Mother Tucker's Yellow Duck was a Canadian folk-rock and psychedelic band, formed in Vancouver, British Columbia in 1967.

==History==
Mother Tucker's Yellow Duck was originally a group of stage performers in Vancouver who adopted different characters, including Kathy Kay ("Mother Tucker"), Patrick Caldwell ("Yellow Duck"), Bob O'Connor ("Dogan Pinkfoot") and Michael Goldman ("Garnet Crystalman"). Guitarist O'Connor then formed a real band, Medusa, with bassist Charlie Faulkner and drummer Hugh Lochhead, but when O'Connor left, Caldwell joined with Faulkner, Lochhead, and guitarist Roger Law, taking the name Mother Tucker's Yellow Duck for the band.

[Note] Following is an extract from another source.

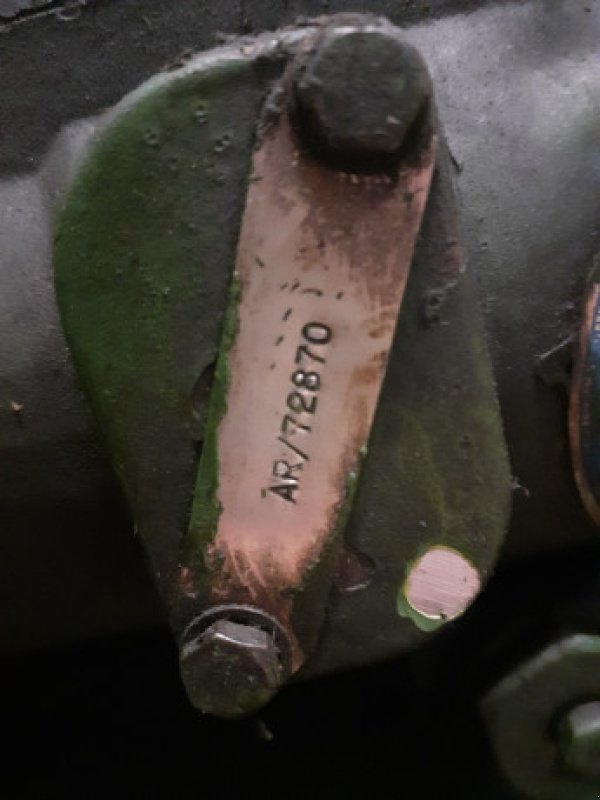 Motor und Motorteile типа John Deere 4239DL-01, Gebrauchtmaschine в Hemmet (Фотография 21)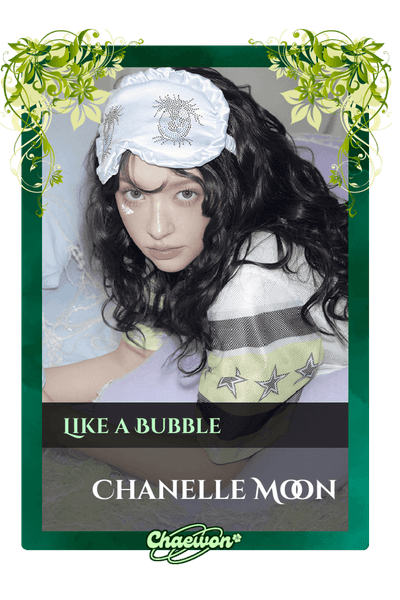 Chanelle Moon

After adding guitarist, singer and songwriter Don McDougall, described as "a wandering folk singer from Winnipeg", they played in the Vancouver area and as far south as California. In 1968 the band won a contract with London Records where they released the single "I". After moving to Capitol Records they released the singles "One Ring Jane" and "Times Are Changing" (both 1969), and then set up their own label, Duck, with distribution through Capitol, to release their first album, Home Grown Stuff. The album, recorded in Vancouver, included a re-recorded version of "One Ring Jane", and was described by Richie Unterberger as being "extremely influenced by the San Francisco sound, with fluid guitars, harmonies, and an occasional country-folk bounce..", with the song "Someone Think" "alternat[ing] between beautifully wistful psychedelia and mind-melting distorted guitar solos." Most of their songs were co-written by McDougall, Law and Caldwell.

The band toured alongside Deep Purple, Alice Cooper and the Yardbirds, and opened a show by Cream at the Pacific Coliseum, before lead guitarist Roger Law left to be replaced by his younger brother Leslie Law. They recorded and released a second album, Starting a New Day, in 1970, more in a country-rock style, but their limited success led them to disband in 1971.

Don McDougall joined The Guess Who, appearing on several albums by the band and touring in various lineups until the 2000s. Faulkner was later in the bands Wild Root Orchestra and Dogskin Suit. Roger Law died in an auto accident in the 1990s.